Effect of feeding on WbPS
Feeding induced an increase in WbPS, which is in line with data obtained in previous studies that showed a positive effect of mixed feeding on protein synthesis (20, 21). In the present study, 0.11 g protein/kg body wt was ingested in 2 h. On the basis of the fed state of 16 h/d, 0.87 g protein/kg body wt will be ingested, which is in line with the current recommended dietary allowances in the elderly (0.8 g protein · kg body wt1 · d1) (22) and slightly lower than the recorded daily dietary protein intake of the study groups. Earlier, it has been shown that to increase peripheral protein synthesis, high amino acid availability is important (23, 24). We observed a status effect for protein synthesis and the concentration of phenylalanine and SUM AA, indicating that feeding increased systemic amino acid availability and protein synthesis. However, despite the lower feeding-induced increase in the phenylalanine concentration in COPD, the increase in protein synthesis was not different between the groups.

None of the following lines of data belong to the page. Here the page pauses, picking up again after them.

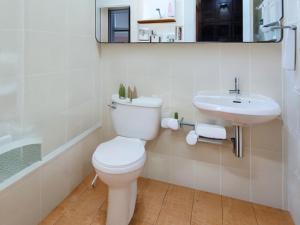 Ένα μπάνιο στο Ban Chang Pet-Friendly Hotel +19 φωτογραφίες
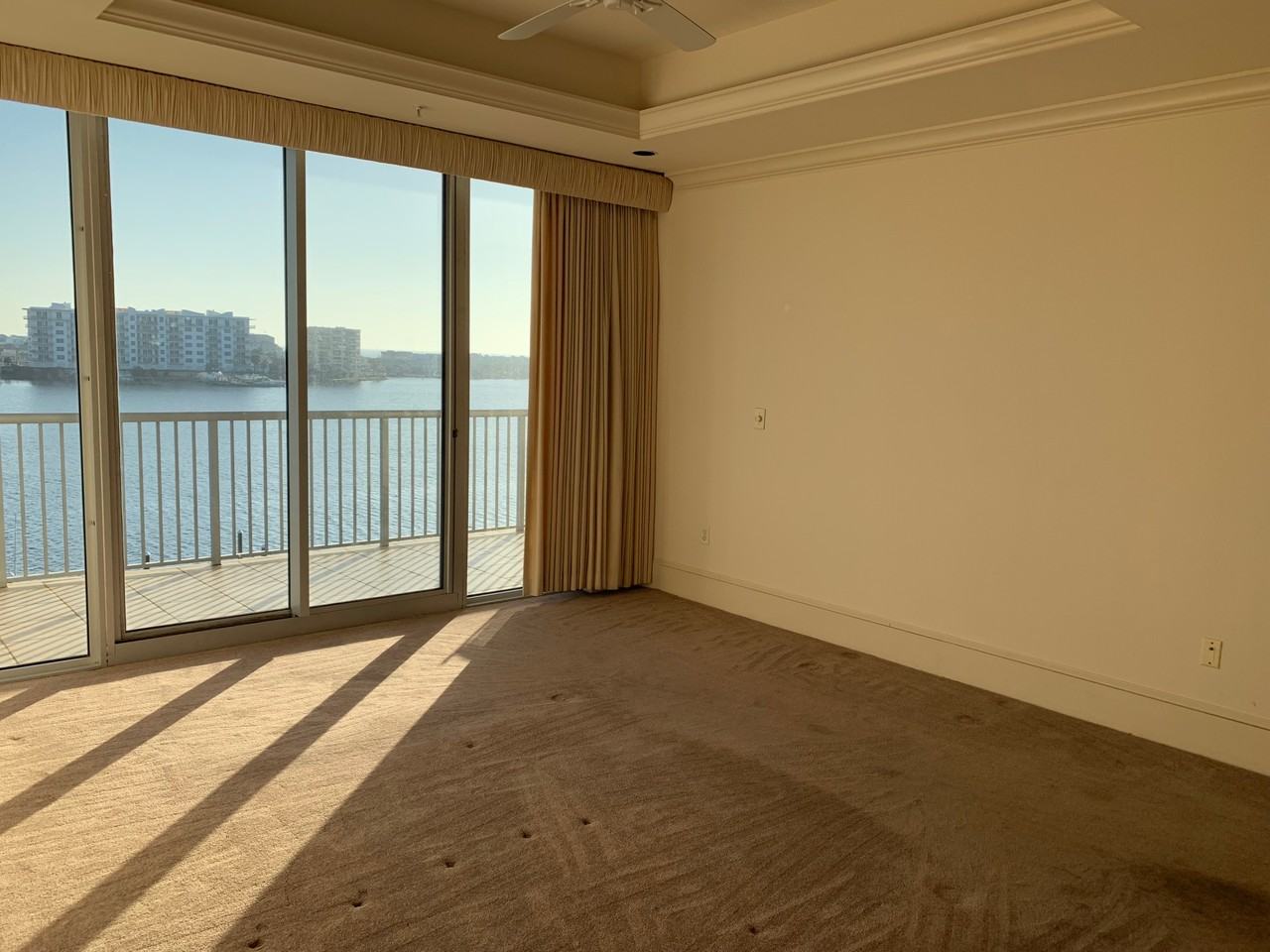 508 Harbor Blvd - Photo 6 of 19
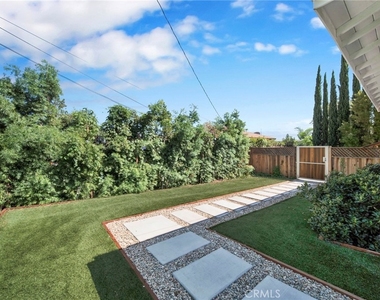 90 W Highland Avenue - Photo Thumbnail 2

First-pass splanchnic extraction of phenylalanine
The splanchnic tissues play an important role in the regulation of protein turnover because these tissues are responsible for absorption of the alimentary amino acids and their release to the peripheral tissues. In a study that compared elderly subjects with young healthy subjects, first-pass SPE of dietary leucine was twice as high in the elderly as in the young men (7). In line, a study by Volpi et al (8) showed that the SPE of oral phenylalanine was higher in the elderly than in the young. The exact reason for the elevated SPE of amino acids in the elderly is still unknown. However, it is believed that it may contribute to the development of sarcopenia because it reduces amino acid availability to the periphery.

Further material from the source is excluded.